*** Records shown ***

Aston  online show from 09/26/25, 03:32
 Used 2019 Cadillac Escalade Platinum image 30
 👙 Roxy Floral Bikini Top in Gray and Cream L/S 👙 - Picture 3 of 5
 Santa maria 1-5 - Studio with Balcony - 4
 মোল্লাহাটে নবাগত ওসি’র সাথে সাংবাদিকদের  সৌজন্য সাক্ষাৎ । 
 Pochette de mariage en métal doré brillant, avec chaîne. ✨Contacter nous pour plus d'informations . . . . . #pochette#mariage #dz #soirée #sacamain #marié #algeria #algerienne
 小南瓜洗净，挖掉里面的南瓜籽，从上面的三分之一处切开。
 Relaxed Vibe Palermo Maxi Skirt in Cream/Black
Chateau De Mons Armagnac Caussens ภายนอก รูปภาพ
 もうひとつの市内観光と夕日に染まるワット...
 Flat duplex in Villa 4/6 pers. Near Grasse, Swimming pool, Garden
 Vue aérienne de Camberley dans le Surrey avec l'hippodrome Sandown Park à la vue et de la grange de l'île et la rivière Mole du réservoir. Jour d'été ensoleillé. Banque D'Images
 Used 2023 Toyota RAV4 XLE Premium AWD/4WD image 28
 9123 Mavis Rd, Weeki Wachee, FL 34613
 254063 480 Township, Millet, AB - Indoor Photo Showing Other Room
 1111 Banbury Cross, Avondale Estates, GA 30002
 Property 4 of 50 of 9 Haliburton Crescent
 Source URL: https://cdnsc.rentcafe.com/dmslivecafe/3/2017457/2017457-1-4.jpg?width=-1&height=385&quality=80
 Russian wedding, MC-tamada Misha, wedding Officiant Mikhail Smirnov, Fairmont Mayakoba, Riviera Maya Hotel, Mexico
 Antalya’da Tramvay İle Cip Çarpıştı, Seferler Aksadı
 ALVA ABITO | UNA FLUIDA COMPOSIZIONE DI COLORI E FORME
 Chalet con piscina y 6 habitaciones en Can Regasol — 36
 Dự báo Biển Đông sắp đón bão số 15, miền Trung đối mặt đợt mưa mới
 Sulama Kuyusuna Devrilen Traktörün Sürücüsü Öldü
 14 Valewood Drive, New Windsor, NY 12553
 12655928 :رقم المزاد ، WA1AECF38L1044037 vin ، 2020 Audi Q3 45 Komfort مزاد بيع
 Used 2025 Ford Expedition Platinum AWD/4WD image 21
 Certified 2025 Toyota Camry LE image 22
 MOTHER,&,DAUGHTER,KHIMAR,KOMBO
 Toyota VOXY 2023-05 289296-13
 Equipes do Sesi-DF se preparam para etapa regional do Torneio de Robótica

*** End of Records shown ***

### What to work on
Go through the material above and copy each line that holds the string "Platinum".

### Exercise response
 Used 2019 Cadillac Escalade Platinum image 30
 Used 2025 Ford Expedition Platinum AWD/4WD image 21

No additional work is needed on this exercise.